9. The blow molded multilayer article according to any one of the preceding claims, wherein the first skin layer has a thickness and the second skin layer has a thickness, wherein the thickness of the first skin layer is at least 25% greater than the thickness of the second skin layer as measured by the local wall thickness test method described herein.

10. The blow molded multilayer article according to any one of the preceding claims, wherein said article is a bottle.

11. The blow molded multilayer article according to any one of the preceding claims, wherein said article has a critical nominal load of greater than 50N, preferably greater than or equal to 70N, more preferably greater than or equal to 90N, and most preferably greater than or equal to 100N, as measured by the critical nominal load test method described herein.
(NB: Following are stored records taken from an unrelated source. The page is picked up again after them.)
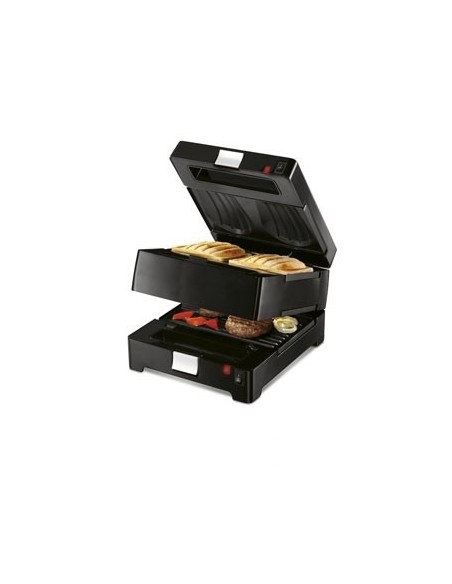 Princess 122000 tostiera 1600 W Nero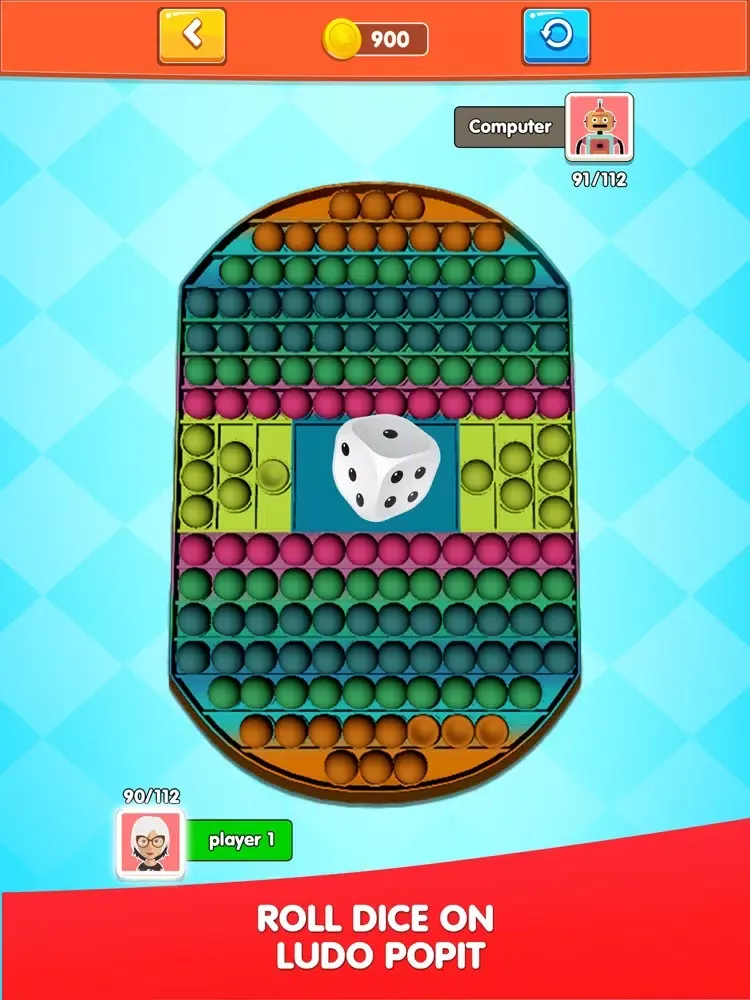 Pop it 3D ludo-Antistress Pro iPad  Screenshots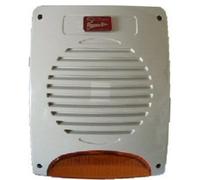 SIRENA ESTERNA LAMPEGGIANTE UNIVERSALE ALLARME CADUTA ALIM. 12 V. SIMILE BENTEL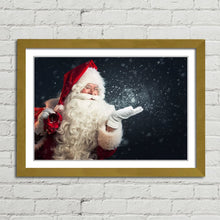 Load image into Gallery viewer, Santa Claus Magic Snow Christmas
12. The blow molded multilayer article according to any one of the preceding claims, wherein the first thermoplastic resin and the second thermoplastic resin are selected from the group consisting of: polyethylene terephthalate (PET), ethylene glycol modified polyethylene terephthalate (PETG), Polystyrene (PS), Polycarbonate (PC), polyvinyl chloride (PVC), polyethylene naphthalate (PEN), polycyclohexanedimethanol terephthalate (PCT), ethylene glycol modified PCT Copolymer (PCTG), copolyesters of cyclohexanedimethanol and terephthalic acid (PCTA), polybutylene terephthalate (PBCT), acrylonitrile-styrene (AS), styrene-butadiene copolymers (SBC), Low Density Polyethylene (LDPE), linear low density polyethylene (LLPDE), High Density Polyethylene (HDPE), polypropylene (PP), and combinations thereof.

13. The blow molded multilayer article according to any one of the preceding claims, wherein the first thermoplastic resin and the second thermoplastic resin comprise polyethylene terephthalate.

14. The blow molded multilayer article according to any one of the preceding claims, wherein said skin layer and said core layer are slightly interpenetrating at the interface between said skin layer and said core layer.

15. The blow molded multilayer article according to any one of the preceding claims, wherein said core comprises less than 1%, preferably less than 0.5%, and more preferably less than 0.1% of an effect pigment.